§ GIVEN DATA
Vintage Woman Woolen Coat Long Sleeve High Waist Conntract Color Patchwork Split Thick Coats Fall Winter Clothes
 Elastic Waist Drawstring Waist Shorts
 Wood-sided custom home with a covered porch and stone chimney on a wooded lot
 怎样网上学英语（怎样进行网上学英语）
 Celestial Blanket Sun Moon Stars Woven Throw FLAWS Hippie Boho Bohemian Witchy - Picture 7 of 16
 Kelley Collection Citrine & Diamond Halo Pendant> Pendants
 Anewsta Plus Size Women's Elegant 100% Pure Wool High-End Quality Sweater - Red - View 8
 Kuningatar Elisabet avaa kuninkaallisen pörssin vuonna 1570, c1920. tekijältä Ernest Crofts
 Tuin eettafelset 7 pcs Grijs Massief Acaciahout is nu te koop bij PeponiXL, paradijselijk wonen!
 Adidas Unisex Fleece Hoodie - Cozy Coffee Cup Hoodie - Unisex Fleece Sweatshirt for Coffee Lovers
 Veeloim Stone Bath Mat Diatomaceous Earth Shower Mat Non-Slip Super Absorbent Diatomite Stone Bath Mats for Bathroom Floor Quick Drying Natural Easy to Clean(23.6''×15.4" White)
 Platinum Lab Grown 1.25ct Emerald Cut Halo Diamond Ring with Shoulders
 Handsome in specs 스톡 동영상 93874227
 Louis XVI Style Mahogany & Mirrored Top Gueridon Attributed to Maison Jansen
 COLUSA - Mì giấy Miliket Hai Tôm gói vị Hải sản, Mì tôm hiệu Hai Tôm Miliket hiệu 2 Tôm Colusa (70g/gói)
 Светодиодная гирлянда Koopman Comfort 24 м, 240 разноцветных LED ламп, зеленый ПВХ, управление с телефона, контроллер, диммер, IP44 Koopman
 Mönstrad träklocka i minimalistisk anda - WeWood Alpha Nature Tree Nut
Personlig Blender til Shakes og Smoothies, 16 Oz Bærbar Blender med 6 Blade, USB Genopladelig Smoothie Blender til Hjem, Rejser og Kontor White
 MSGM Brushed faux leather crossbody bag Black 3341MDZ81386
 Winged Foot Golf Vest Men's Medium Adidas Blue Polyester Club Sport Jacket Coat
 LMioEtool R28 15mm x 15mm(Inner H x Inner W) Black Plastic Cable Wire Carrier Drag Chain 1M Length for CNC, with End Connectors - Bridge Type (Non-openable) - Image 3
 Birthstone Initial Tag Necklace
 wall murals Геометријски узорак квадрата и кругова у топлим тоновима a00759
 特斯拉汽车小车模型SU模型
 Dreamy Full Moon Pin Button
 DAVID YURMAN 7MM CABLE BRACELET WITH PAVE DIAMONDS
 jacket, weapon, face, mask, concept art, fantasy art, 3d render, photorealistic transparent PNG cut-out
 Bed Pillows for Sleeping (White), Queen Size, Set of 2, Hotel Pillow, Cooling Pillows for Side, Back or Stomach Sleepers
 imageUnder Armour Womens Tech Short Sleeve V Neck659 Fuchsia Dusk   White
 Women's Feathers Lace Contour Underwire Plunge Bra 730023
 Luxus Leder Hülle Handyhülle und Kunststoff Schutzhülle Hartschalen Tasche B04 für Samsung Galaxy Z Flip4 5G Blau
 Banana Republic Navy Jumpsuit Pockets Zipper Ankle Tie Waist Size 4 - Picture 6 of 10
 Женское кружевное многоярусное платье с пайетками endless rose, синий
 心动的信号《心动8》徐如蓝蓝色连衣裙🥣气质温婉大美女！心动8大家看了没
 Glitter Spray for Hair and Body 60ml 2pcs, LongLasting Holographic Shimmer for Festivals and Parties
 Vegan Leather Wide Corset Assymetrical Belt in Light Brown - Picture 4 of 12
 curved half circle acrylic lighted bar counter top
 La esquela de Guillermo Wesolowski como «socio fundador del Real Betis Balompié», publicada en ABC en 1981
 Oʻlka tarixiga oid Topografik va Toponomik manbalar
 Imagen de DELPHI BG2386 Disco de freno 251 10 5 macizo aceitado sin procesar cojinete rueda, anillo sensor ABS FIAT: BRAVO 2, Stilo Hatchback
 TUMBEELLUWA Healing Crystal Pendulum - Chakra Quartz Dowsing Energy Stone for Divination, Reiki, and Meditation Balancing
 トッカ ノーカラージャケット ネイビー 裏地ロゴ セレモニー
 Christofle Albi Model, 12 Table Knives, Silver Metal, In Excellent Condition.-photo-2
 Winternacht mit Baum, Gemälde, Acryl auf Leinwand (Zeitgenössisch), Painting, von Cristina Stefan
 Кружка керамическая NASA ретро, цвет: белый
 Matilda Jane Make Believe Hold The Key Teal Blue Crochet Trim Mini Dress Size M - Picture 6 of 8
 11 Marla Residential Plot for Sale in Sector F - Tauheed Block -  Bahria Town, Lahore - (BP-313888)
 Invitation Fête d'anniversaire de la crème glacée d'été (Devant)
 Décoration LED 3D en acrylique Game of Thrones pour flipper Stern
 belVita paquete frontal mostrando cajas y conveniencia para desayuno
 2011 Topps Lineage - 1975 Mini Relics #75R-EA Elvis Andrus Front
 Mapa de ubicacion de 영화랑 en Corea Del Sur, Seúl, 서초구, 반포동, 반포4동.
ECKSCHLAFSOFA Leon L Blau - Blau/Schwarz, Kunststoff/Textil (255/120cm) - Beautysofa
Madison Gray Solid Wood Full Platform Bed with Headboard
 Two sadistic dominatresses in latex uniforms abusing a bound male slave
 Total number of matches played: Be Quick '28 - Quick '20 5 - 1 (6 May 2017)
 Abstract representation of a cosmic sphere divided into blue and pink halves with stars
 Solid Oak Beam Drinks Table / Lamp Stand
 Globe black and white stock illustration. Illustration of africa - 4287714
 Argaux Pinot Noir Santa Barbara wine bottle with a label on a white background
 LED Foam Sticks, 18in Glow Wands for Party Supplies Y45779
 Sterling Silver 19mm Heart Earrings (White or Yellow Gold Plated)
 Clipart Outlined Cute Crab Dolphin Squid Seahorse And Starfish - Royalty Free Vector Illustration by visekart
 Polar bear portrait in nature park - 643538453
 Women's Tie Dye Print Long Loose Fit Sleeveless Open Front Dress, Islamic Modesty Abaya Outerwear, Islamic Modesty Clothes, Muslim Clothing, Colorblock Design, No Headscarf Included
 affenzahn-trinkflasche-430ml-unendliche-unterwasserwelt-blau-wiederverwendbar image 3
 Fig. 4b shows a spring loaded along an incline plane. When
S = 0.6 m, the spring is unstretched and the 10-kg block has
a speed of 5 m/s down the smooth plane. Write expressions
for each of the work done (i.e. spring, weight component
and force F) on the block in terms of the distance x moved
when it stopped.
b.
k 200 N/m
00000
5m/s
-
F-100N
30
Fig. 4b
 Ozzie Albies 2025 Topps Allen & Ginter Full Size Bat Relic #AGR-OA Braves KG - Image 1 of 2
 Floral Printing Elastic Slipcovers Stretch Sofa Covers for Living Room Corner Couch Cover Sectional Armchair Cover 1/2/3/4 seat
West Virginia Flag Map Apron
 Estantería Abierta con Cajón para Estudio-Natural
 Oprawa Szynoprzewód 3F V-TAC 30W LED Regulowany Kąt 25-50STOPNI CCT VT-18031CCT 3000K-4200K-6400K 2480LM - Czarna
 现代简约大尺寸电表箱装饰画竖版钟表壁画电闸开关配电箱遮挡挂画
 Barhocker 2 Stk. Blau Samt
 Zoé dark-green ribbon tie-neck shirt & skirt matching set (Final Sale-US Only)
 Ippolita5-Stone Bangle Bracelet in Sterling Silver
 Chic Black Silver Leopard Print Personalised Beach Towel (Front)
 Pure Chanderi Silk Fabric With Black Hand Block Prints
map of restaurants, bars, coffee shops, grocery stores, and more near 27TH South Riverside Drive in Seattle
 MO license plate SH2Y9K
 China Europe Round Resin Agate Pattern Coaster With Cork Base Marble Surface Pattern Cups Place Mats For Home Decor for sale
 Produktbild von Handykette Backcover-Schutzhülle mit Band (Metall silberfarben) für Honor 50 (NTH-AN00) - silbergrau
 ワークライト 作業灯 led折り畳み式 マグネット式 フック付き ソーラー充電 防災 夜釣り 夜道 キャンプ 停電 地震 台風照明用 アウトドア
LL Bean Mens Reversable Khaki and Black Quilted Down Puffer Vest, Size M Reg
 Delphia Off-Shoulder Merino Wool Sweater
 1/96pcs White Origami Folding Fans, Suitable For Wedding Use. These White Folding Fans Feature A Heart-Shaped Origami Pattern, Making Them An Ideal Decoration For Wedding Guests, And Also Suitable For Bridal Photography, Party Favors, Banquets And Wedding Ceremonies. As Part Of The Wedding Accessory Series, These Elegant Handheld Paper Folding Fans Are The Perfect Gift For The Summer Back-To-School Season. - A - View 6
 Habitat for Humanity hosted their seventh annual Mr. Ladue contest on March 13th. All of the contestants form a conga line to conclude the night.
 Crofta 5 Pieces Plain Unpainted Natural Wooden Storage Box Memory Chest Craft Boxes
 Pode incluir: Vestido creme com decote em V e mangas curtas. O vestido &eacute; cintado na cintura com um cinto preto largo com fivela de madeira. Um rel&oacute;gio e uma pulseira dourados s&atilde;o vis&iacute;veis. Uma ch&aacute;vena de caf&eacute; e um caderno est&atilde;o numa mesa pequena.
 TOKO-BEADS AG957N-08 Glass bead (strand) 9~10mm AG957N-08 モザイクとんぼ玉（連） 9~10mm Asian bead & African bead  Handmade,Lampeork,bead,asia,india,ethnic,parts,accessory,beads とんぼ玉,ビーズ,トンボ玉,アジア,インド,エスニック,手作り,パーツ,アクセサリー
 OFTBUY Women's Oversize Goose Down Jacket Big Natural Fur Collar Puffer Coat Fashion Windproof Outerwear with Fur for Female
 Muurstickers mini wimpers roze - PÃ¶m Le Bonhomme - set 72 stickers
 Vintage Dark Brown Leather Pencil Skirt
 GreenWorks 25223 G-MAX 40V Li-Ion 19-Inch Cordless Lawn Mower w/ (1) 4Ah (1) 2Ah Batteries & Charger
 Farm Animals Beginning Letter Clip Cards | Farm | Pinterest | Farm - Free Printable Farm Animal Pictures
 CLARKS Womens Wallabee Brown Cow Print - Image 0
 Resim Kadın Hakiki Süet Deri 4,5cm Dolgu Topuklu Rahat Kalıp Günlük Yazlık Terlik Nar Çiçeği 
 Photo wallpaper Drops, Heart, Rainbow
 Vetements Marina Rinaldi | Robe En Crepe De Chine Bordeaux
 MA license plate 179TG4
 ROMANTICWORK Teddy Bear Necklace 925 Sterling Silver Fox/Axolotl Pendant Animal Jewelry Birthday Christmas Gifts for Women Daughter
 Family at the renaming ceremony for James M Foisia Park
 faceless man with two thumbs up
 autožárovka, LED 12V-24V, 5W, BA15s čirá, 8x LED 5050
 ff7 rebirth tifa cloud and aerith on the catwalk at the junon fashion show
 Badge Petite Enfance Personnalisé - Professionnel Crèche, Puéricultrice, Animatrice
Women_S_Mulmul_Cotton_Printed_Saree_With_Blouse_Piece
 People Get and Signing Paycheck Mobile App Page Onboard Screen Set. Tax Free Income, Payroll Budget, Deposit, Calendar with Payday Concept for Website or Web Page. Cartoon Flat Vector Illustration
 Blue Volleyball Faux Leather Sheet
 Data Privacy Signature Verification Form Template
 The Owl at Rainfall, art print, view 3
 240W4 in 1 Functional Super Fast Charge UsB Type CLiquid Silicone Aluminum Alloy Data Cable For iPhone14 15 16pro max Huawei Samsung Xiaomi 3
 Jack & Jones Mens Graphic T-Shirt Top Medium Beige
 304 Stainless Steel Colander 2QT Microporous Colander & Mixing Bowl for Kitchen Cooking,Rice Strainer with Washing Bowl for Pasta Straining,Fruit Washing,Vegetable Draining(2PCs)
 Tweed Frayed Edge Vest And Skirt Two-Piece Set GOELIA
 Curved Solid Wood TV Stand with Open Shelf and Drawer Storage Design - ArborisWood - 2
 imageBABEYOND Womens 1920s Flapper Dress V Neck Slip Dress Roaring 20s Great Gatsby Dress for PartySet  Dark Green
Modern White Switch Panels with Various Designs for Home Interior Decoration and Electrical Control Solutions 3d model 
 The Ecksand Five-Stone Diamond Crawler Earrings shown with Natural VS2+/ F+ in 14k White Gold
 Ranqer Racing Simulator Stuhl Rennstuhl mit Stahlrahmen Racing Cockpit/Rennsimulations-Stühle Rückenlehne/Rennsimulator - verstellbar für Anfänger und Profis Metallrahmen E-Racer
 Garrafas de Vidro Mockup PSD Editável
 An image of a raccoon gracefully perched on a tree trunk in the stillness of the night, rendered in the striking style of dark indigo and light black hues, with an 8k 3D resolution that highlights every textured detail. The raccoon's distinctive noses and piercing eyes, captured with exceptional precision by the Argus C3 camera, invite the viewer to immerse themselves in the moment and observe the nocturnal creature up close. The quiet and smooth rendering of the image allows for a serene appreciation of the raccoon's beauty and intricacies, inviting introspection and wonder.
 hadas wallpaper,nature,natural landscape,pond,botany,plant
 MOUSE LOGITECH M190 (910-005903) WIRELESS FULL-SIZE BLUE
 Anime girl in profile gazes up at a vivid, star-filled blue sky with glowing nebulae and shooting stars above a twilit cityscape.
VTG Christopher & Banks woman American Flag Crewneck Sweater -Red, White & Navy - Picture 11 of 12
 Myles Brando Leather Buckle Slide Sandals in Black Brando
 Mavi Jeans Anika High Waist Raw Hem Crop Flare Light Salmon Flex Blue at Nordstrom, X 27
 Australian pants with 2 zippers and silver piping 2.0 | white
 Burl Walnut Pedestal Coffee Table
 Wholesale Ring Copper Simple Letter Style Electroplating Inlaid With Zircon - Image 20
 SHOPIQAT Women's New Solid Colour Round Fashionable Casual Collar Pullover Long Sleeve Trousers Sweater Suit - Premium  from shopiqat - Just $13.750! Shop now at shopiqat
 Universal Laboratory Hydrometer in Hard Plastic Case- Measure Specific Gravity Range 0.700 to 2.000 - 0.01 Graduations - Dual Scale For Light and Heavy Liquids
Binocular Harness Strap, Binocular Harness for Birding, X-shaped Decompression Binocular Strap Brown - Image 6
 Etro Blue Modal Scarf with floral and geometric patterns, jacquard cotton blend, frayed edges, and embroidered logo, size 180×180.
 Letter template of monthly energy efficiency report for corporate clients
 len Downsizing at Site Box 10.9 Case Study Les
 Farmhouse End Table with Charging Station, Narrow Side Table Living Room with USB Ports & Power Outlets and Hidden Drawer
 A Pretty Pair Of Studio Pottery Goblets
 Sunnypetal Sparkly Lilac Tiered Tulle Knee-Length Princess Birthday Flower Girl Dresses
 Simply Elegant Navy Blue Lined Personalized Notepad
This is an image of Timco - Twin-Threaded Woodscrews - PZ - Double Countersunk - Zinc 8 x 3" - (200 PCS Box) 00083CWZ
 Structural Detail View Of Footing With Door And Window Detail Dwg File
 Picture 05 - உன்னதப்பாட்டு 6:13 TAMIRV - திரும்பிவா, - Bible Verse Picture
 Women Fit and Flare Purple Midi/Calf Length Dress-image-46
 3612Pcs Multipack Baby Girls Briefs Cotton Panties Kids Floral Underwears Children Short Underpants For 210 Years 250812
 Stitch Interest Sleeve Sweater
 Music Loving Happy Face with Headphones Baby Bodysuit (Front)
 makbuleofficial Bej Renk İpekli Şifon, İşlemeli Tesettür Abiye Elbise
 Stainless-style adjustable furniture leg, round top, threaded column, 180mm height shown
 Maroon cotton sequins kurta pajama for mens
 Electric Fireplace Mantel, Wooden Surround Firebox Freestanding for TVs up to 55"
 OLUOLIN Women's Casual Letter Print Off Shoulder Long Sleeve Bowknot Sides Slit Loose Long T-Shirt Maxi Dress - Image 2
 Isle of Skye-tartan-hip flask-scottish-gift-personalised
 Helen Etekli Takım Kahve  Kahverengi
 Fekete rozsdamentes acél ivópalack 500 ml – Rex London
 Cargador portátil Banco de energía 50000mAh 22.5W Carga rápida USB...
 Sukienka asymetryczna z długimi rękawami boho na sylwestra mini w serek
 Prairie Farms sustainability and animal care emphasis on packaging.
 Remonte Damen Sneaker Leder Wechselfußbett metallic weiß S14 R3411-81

§ WHAT TO WORK ON
When you reach the line containing "wall murals Геометријски" in the data above, start copying exactly, and stop after the line containing "Banana Republic Navy".

§ RESPONSE TO THE TASK
 wall murals Геометријски узорак квадрата и кругова у топлим тоновима a00759
 特斯拉汽车小车模型SU模型
 Dreamy Full Moon Pin Button
 DAVID YURMAN 7MM CABLE BRACELET WITH PAVE DIAMONDS
 jacket, weapon, face, mask, concept art, fantasy art, 3d render, photorealistic transparent PNG cut-out
 Bed Pillows for Sleeping (White), Queen Size, Set of 2, Hotel Pillow, Cooling Pillows for Side, Back or Stomach Sleepers
 imageUnder Armour Womens Tech Short Sleeve V Neck659 Fuchsia Dusk   White
 Women's Feathers Lace Contour Underwire Plunge Bra 730023
 Luxus Leder Hülle Handyhülle und Kunststoff Schutzhülle Hartschalen Tasche B04 für Samsung Galaxy Z Flip4 5G Blau
 Banana Republic Navy Jumpsuit Pockets Zipper Ankle Tie Waist Size 4 - Picture 6 of 10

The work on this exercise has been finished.